<ヤクルト3-2広島>◇21日◇神宮

 ド派手な1発も反撃届かず…。広島は4番ブラッド・エルドレッド内野手(34)が両リーグ最速で30号を決めたが、後半戦開幕試合でヤクルトに惜敗した。E砲は8回の2ランで猛追ムードを高めたが、序盤の拙攻が響いて1点届かず。2位阪神に2・5ゲーム差をつけられた。

 さあ、一気に逆転だ。コイ党のボルテージは最高潮に達していた。3点を追う8回1死二塁、4番エルドレッドが30号2ランを決めた。2番手カーペンターをマウンドから引きずりおろし、なおも1死で5番キラが3番手久古から三遊間にゴロを転がした。二遊間寄りに守っていた遊撃森岡は追いつくのが精いっぱいかと思われた。だがキラは走りだした瞬間に転倒し、ジョギングに近いスピードで一塁に走っていた。余裕のタイミングでアウト。反撃ムードは一瞬でしぼんだ。

 エルドレッドの1発はさすがだった。「バットの芯に当たって軌道も高かったからホームランになるとは思ったよ」。真ん中直球完璧にミートし、バックスクリーン左にたたき込んだ。広島選手の両リーグ30号一番乗りは19年ぶり4人目(5度目)だ。初出場した球宴は第1戦で2ランを含む3安打4打点と大爆発し、MVPを受賞。一方で自打球を左足首に直撃させていた。「腫れはあったけど、痛みは問題ないよ」。特大弾で不安を吹き飛ばした。

 ただ試合はあと1点が届かず惜敗。「負けたので素直に喜べないよ」。3点ビハインドを背負った直後の3回2死満塁では、小川の内角146キロを空振り三振していた。あそこで打っていれば…。表情に悔しさがにじんだ。3回だけではない。2回2死二塁、5回無死二塁、6回2死二塁の好機を逃し続けた結果の1点差負け。小川に7回無失点の好投を許し、野村監督は「ちょっと楽に投げさせてしまった。ヒットも塁に出た数もうちの方が多かったので、あと1本が出なかった」と嘆くしかなかった。

 「僕はチームの勝ちにこだわっているんだ」。エルドレッドは試合後、勝利にかける思いを何度も言葉にした。胸にたまったフラストレーションは、すぐに勝利という形で吐き出してしまいたい。
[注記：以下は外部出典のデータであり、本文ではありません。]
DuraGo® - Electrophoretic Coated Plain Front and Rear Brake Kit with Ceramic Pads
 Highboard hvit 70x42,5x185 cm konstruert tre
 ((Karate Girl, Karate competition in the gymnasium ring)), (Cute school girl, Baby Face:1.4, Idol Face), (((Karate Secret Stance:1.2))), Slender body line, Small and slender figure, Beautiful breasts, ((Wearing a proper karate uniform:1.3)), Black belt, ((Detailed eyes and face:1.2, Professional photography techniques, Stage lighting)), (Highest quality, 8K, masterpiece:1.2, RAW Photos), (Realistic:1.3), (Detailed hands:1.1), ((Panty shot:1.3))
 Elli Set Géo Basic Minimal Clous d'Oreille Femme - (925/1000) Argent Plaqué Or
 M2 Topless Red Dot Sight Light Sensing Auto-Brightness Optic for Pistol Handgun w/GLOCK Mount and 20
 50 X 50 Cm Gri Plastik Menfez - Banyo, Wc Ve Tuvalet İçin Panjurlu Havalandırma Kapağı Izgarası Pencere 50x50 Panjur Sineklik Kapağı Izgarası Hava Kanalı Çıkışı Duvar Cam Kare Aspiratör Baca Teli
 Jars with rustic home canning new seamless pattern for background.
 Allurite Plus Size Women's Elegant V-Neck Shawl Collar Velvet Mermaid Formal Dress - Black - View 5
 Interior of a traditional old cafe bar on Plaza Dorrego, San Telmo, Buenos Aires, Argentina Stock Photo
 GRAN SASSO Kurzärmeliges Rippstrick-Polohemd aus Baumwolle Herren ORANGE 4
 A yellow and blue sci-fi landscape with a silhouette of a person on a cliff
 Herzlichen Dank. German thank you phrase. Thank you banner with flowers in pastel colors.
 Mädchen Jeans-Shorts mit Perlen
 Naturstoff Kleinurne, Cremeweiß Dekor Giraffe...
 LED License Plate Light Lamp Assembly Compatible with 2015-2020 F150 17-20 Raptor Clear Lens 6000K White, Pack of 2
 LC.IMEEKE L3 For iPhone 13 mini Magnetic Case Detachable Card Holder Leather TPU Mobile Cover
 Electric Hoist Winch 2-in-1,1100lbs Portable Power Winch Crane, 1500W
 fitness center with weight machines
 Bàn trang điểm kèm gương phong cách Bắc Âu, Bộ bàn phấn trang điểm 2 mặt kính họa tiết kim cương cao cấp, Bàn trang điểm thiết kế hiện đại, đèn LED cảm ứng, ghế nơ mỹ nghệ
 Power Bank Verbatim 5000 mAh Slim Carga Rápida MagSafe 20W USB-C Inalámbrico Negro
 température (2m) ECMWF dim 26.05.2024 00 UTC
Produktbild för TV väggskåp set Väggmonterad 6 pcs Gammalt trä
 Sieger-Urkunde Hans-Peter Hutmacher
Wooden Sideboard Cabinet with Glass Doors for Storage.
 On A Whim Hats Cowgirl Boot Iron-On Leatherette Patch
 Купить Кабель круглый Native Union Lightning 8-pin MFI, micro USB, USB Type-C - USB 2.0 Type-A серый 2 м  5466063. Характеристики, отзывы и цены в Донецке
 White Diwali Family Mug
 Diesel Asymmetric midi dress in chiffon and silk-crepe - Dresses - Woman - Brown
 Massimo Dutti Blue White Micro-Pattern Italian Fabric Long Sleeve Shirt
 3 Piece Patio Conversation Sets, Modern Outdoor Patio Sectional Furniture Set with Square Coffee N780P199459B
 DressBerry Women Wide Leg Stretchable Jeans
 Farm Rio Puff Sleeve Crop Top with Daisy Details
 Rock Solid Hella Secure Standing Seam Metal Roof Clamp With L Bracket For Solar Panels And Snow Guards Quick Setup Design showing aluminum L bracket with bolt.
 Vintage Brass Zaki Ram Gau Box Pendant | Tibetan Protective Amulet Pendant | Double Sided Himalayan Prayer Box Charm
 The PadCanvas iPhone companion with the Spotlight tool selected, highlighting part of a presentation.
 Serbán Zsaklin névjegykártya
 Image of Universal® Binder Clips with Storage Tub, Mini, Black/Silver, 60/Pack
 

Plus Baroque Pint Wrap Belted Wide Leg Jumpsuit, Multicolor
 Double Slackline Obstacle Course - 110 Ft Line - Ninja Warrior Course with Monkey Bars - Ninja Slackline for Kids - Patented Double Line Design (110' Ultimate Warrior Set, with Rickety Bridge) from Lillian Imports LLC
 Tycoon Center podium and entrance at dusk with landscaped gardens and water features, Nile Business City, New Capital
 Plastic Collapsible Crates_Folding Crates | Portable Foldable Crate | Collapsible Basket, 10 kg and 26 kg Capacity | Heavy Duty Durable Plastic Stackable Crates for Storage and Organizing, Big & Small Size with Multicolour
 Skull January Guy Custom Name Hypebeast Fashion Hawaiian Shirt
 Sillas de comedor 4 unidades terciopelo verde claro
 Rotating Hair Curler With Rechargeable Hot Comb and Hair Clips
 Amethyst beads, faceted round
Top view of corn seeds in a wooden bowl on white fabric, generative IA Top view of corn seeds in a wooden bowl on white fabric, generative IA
【佐井陽介】

 ▼エルドレッドが両リーグ30号一番乗り。広島の選手の両リーグ30号一番乗りは78年ギャレット、79年山本浩、81年山本浩、95年江藤に次いで19年ぶり4人目(5度目)。広島のシーズン30本塁打到達は05年の新井(43本)前田(32本)以来9年ぶり。